No, we need to learn to be men, both in giving and receiving those pointed, life-giving words.
Daniel Meyer
Daniel,
I'll make a distinction that I'm not sure was clear in my first comment, and see if that affects your answer.
I absolutely agree with you that we need to learn to give and receive pointed, life-giving words, which will sometimes include "You're not willing to submit to God's sovereignty", and "You care more about flashy signs than God's word", and "You just want to avoid accountability to mature qualified leadership". Sometimes, it's apparent that those are indeed people's motivation, and love demands that we call them out on it. (Though we have to guard against pride & irritability in ourselves when we do it, and against making that judgment too quickly.)
The problem in the examples I gave is that they're universal accusations, which Scripture doesn't justify. When we say such things, they have to be judgments, not assumptions.

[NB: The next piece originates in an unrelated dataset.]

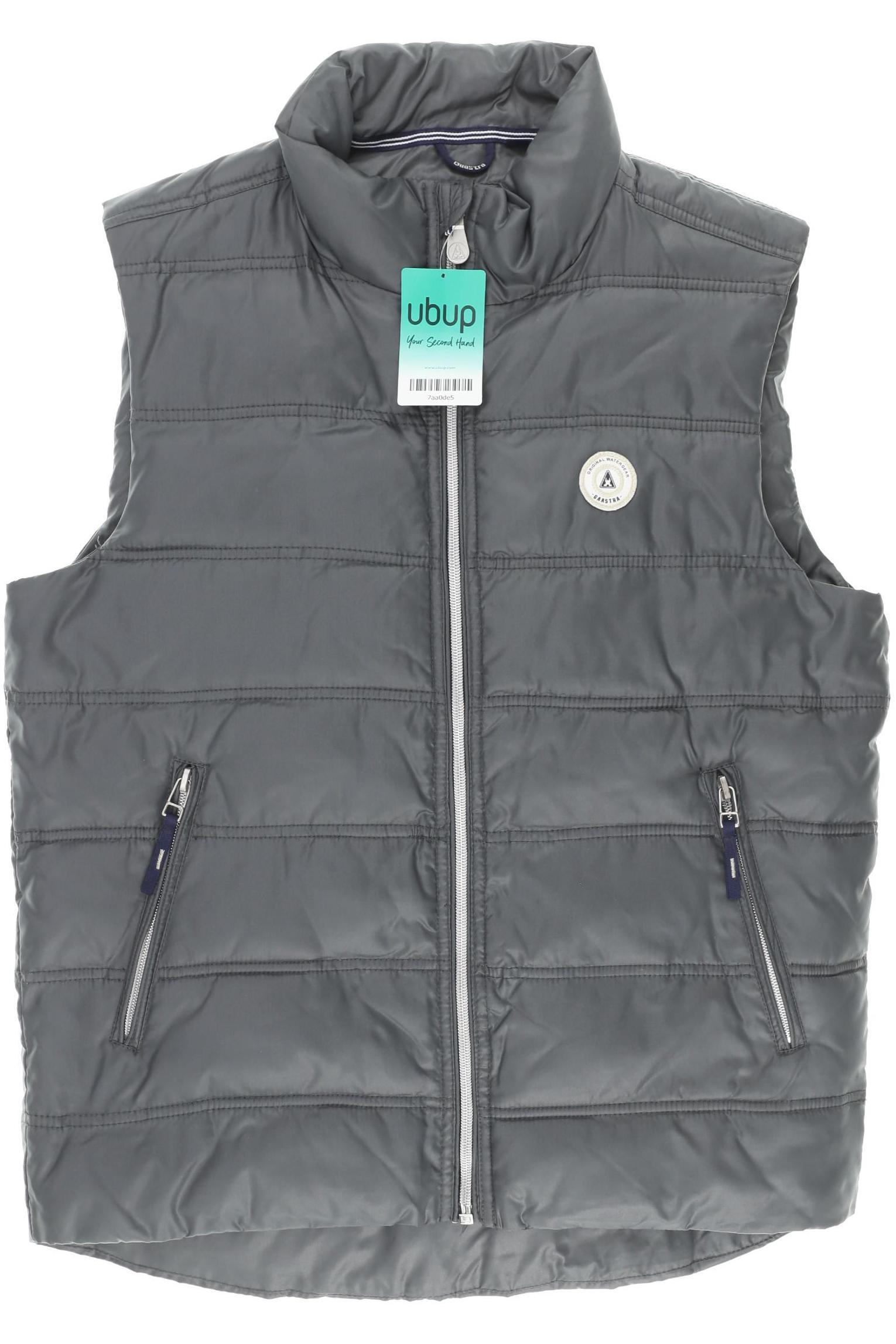 

Gaastra Herren Weste, grau, Gr. 48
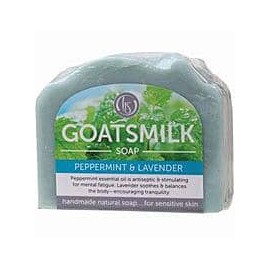 Harmony - Soap Bar - Peppermint and Lavender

Unwillingness to submit to God's sovereignty will certainly prevent someone from accepting Calvinism--but it's not the only thing. So will "I haven't delved into the relevant passages", or "My traditions are twisting my interpretation; I haven't yet succeeded in setting aside my preconceived ideas," or "I've been fed bad information". (Someone from an Arminian background might be entirely willing to accept Calvinism, without having clearly seen the biblical testimony yet. God can give us humble hearts before he fixes our soteriological understanding.)
On the house church issue, DJP handled it very well up above in his 6:13 AM, August 31, 2011 comment. He spoke pointed, convicting words, without presuming that the criticism univerally applies to all "house churches".
We have to show discernment, and knee-jerk generalized accusations are anything but. That's how I read Challies criticism of Barna and Viola.
Frank, I think you've been listening to too much David Essex. ;)
Hello. I took the photo you’ve taken and…er…beautified above.
You’re welcome to use and abuse it as much as you want, but please attribute the source: http://www.flickr.com/photos/danssordidandsundrypictures/2713832859/
> I'll make a distinction that I'm not sure was clear in my first comment, and see if that affects your answer...When we say such things, they have to be judgments, not assumptions.
Jugulum,
I didn't catch the distinction initially, and it's an important one that I need to chew on. Thanks for clarifying.